County deaths related to swine flu rises to 28
The number of people hospitalized in San Diego County with swine flu since the H1N1 influenza pandemic began earlier this year stood at 492 this morning, health officials said.
There have been 28 San Diego County residents who died from swine flu since June, according to the county Health and Human Services Agency.

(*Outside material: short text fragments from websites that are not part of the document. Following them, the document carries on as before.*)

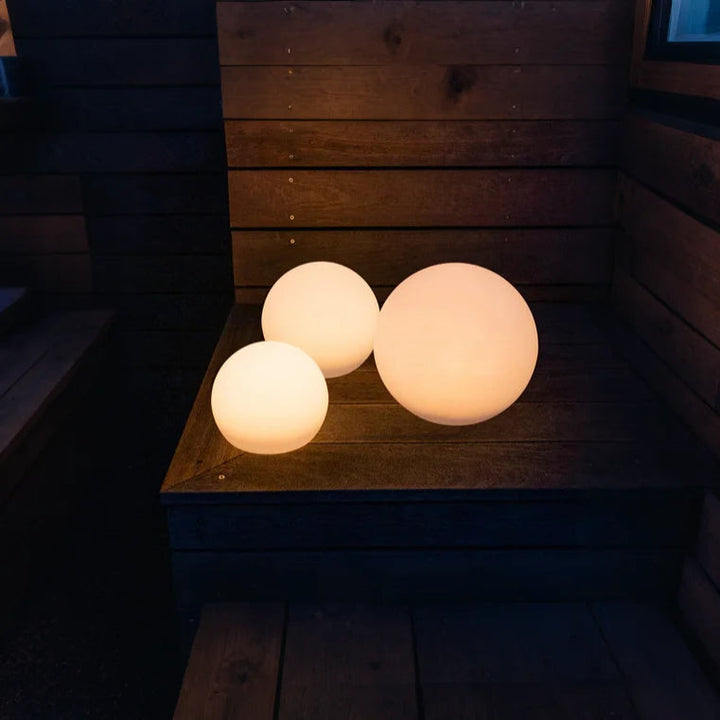 OrbiLume™ – Bulle de Lumière Solaire pour Extérieur
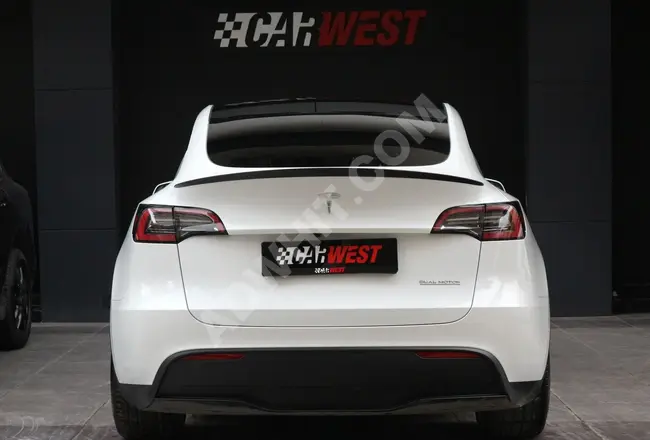 TESLA MODEL Y PERFORMANCE 4WD 2023 - Unpainted, with 534 horsepower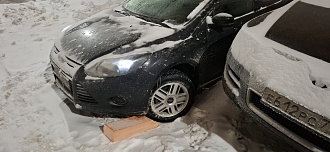 Сел на днище на парковочном месте вытащить застрявшую машину Ford Focus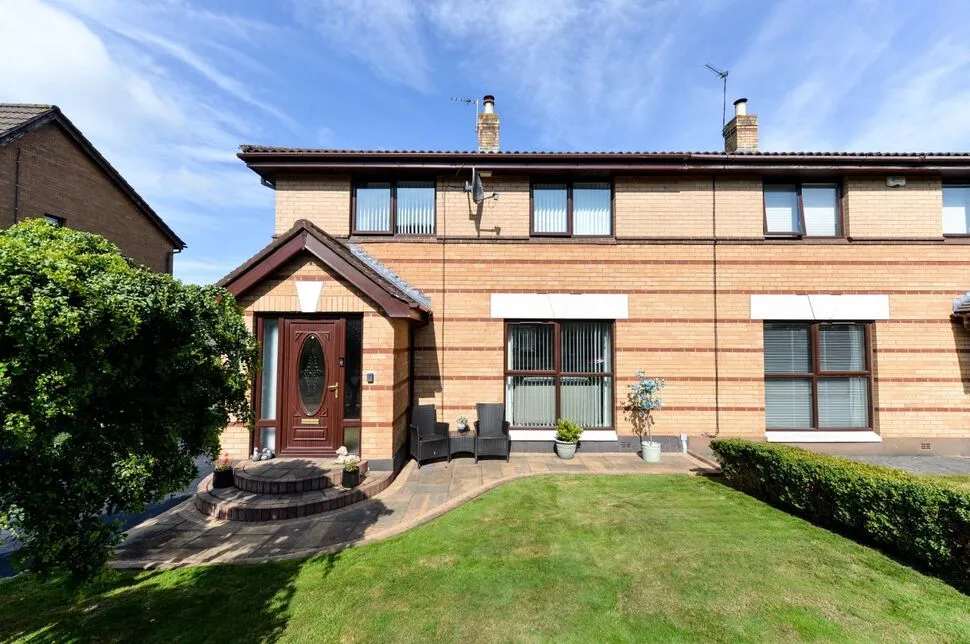 3 bed house for sale — Fort Road, Dundonald, County Down, BT16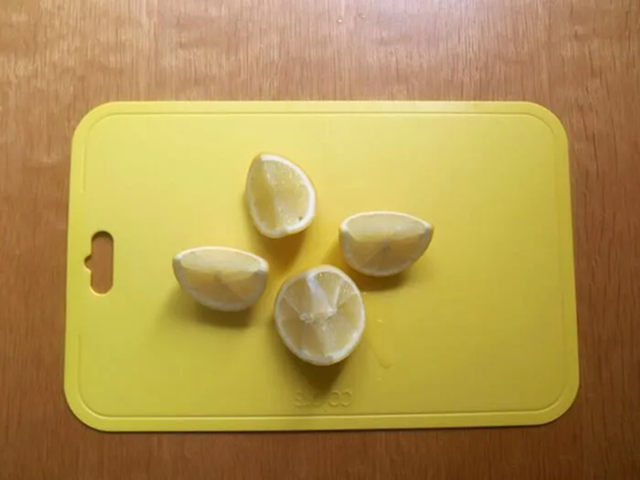 Cắt chanh theo chiều ngang hay chiều dọc được nhiều nước hơn?- Ảnh 2.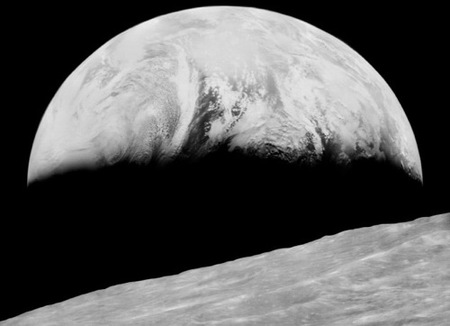 La primera imagen de la Tierra tomada desde la Luna restaurada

The latest deaths, reported Wednesday, included an 89-year-old woman and a 55-year-old woman. Both had pre-existing medical conditions, the agency reported.
In addition to the 28 residents, four people have died from swine flu while visiting San Diego this year. They are not included in local statistics but are counted in their hometowns, according to the HHSA.
County health officials have urged members of the public to stay home from work or school if they have flu-like symptoms such as fever, cough, sore throat, body aches, headaches, chills and fatigue. Those with underlying medical conditions who experience influenza-like symptoms are urged to contact their doctors.
Free flu vaccines are available for at-risk individuals at seven county-run clinics. The clinics run from 8 a.m. to 11 a.m. and from 1 p.m. to 4 p.m. Monday through Friday. More information is available by calling 211 or going to the Web site sdiz.org.
Because there is a limited amount of vaccines, public health officials have encouraged people in at-risk groups to call their doctors first before turning to the clinics.
The top priorities for public health officials are children at least 6 months old and pregnant women.
People who care for infants, those who have underlying health problems, young adults up to 24, health care workers and first responders are also recommended to get H1N1 vaccines.
Across San Diego County, about 1.7 million residents fall into at-risk categories.
Schools are expected to start vaccinations soon.